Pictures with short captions

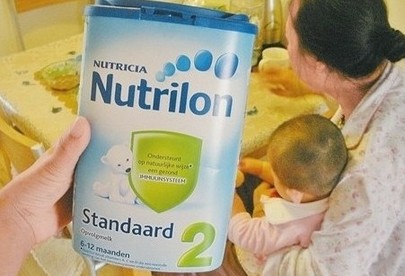 天貓銷售假奶粉被曝光 家長稱孩子喝后便秘 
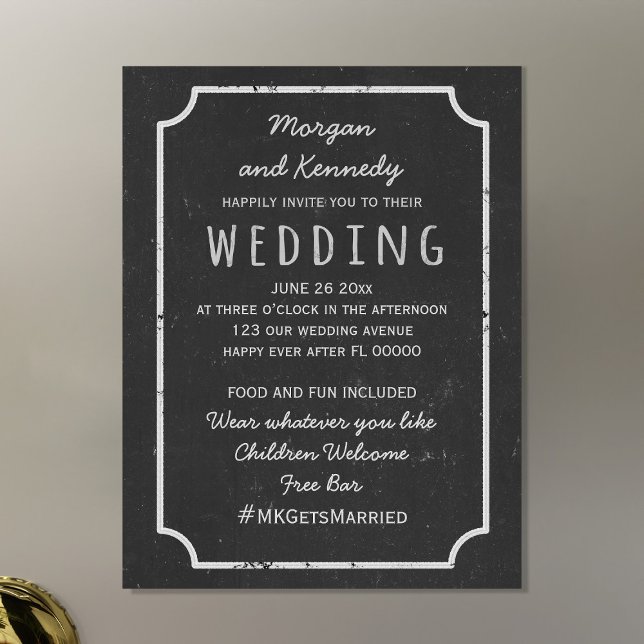 Invitación a la boda de un tablero magnético (A casual chalkboard vibe with this magnetic wedding invitation. Just add your details. Free Bar!)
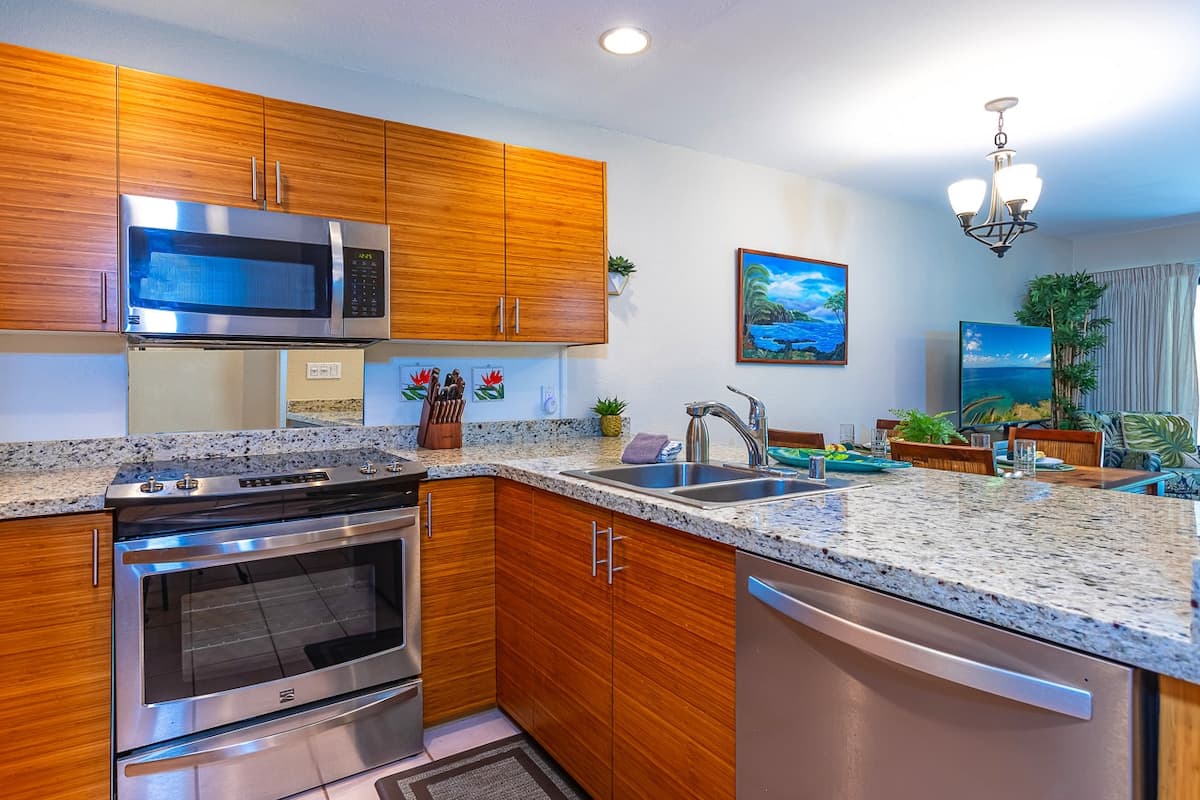 Condo in Kihei · ★4.33 · 1 bedroom · 2 beds · 2 shared baths - Photo 3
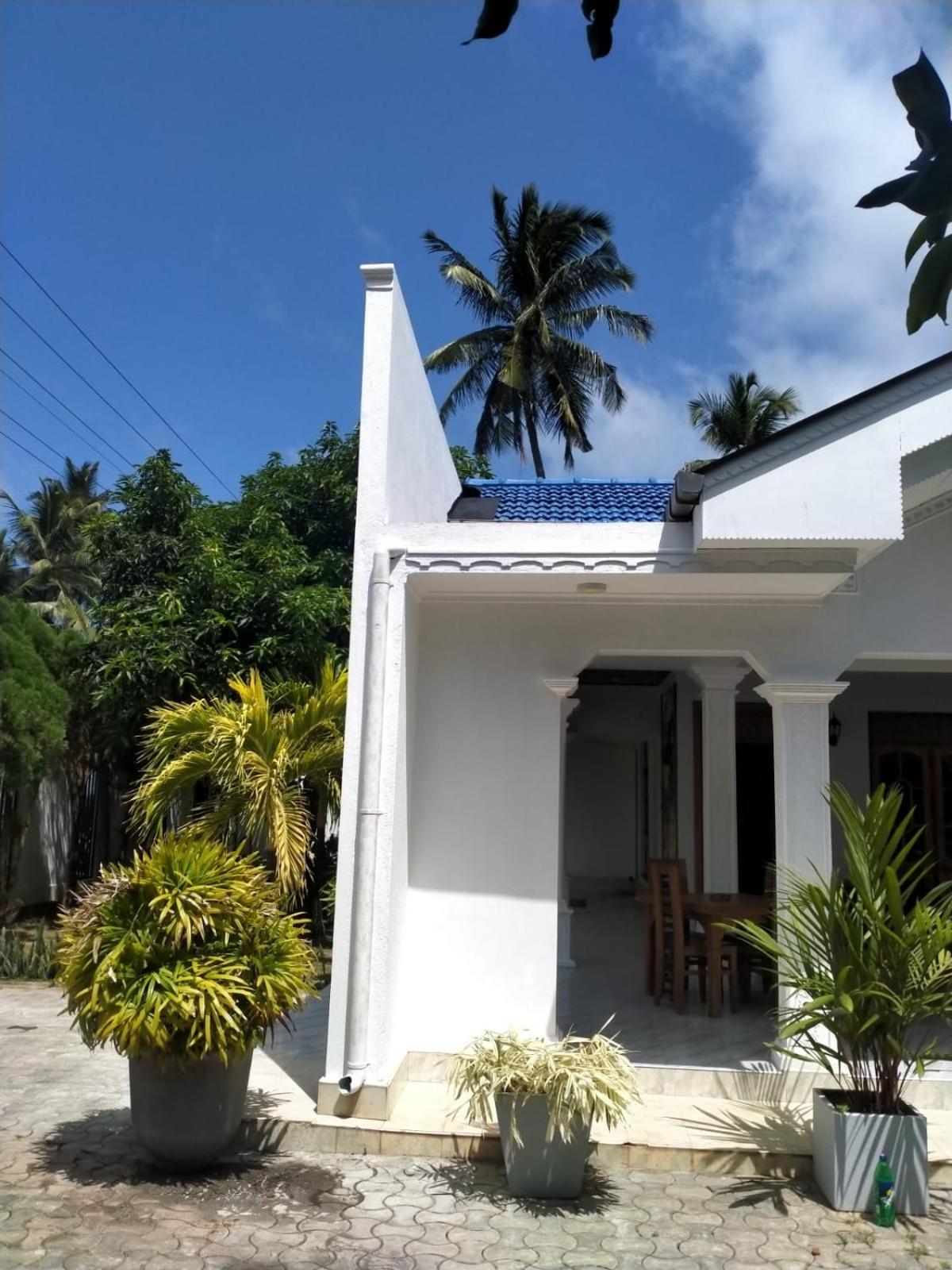 Holidays Hotel Nainamadama Exterior foto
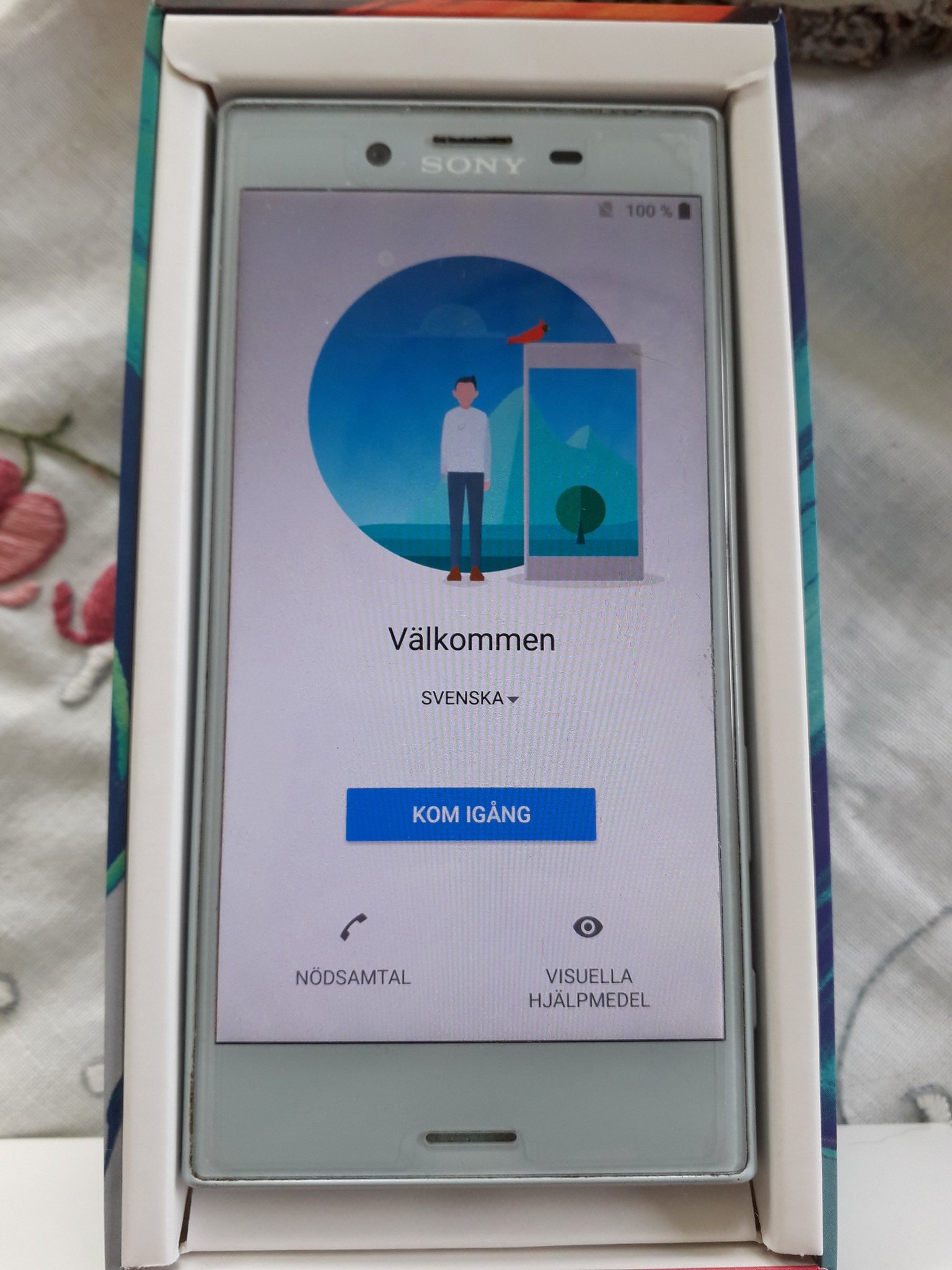 Sony Xperia Startar Om Sig Själv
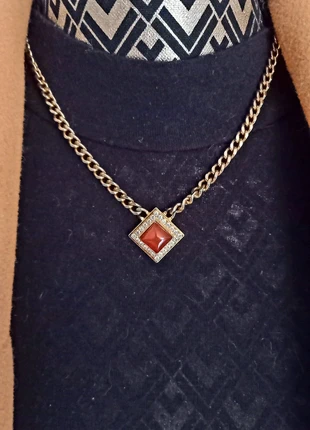 Collier fantaisie vintage doré maille large pendentif losange, marque: Vintage Chic, état: Satisfaisant, 6,00 €, 7,00 € Protection acheteurs (Pro) incluse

Problem:
Write out the entries again, word for word. No images.

Exercise output:
 天貓銷售假奶粉被曝光 家長稱孩子喝后便秘 
 Invitación a la boda de un tablero magnético (A casual chalkboard vibe with this magnetic wedding invitation. Just add your details. Free Bar!)
 Condo in Kihei · ★4.33 · 1 bedroom · 2 beds · 2 shared baths - Photo 3
 Holidays Hotel Nainamadama Exterior foto
 Sony Xperia Startar Om Sig Själv
 Collier fantaisie vintage doré maille large pendentif losange, marque: Vintage Chic, état: Satisfaisant, 6,00 €, 7,00 € Protection acheteurs (Pro) incluse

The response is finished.